It’s no surprise that in Andorra, a mountainous country surrounded by 65 peaks that reach over 2000 metres in altitude, the main focus is upwards. And it’s no surprise that Grandvalira and Vallnord are the largest ski areas in the Pyrenees, with an average flow of 99,660 skiers per hour, 110 ski lifts, 284 kilometres of pistes and over a thousand snow guns, not to mention the funitels, cable cars and other high-speed lifts… The figures are as staggering as in the Alps, for better, no doubt, but also for worse: the huge Grandvalira project, completed in 2003, went all out to achieve its goals, at times leaving deep scars on the mountains.
Andorra: a slow start
The history of skiing in Andorra began in 1952 in Pas de la Case, with the installation of a tow drag that was initially cold-shouldered by skiers. Four years later, though, the first drag lift was built in Andorra. Stretching two kilometres in length, it worked with a lorry engine and linked Grau Roig to Pas de la Case. Other resorts opened soon after: Soldeu El Tarter, Canillo Encamp…all keen to attract holidaymakers, with more or less success. In 2003, they decided to join forces, giving birth to Grandvalira, an ambitious ski area project that rivals the Tarentaise resorts for flow of skiers and standard of facilities. Today, over 1.9 million skier days are sold between December and April in Andorra!
More about Andorra skiing
Grandvalira and Vallnord* merged under the name of Ski Andorra. The Ski Andorra pass allows skiers to ride through all the principality’s resorts.

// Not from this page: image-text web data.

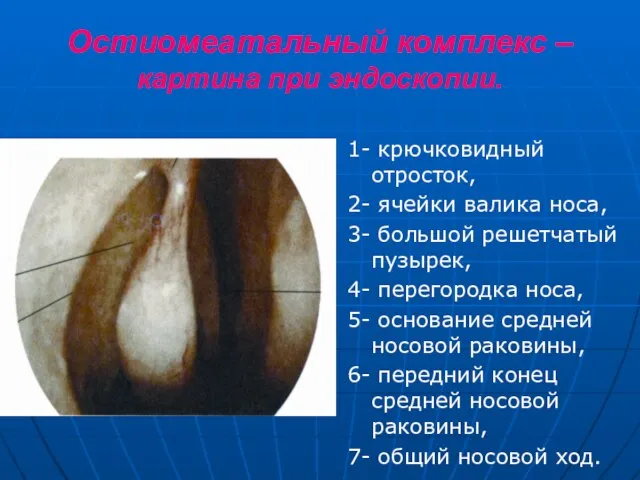 Остиомеатальный комплекс – картина при эндоскопии. 1- крючковидный отросток, 2- ячейки валика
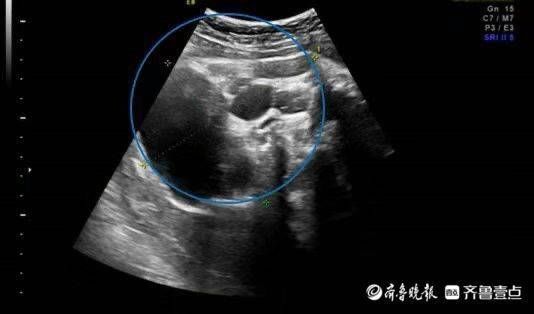 宝宝|宝宝还没出生就长了脑袋大的肿瘤，不用终止妊娠顺利出生并康复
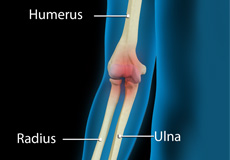 Thoracic Outlet Syndrome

The two main valleys, Grandvalira and Vallnord, cover over 3075 hectares in total, with 284 kilometres of pistes, 110 ski lifts, and, yes, you’ve read it right, 1385 snow guns, in other words almost a third of the capacity of a major resort like Alpe d’Huez! Grandvalira and Vallnord boast 177 pistes: 31 green, 61 blue, 57 red and 28 black. In terms of equipment, the resort definitely thought big: a cable car with two 50-place cabins, a 36-cabin funitel, each taking 24 people, and 5 six to eight-pack gondola lifts.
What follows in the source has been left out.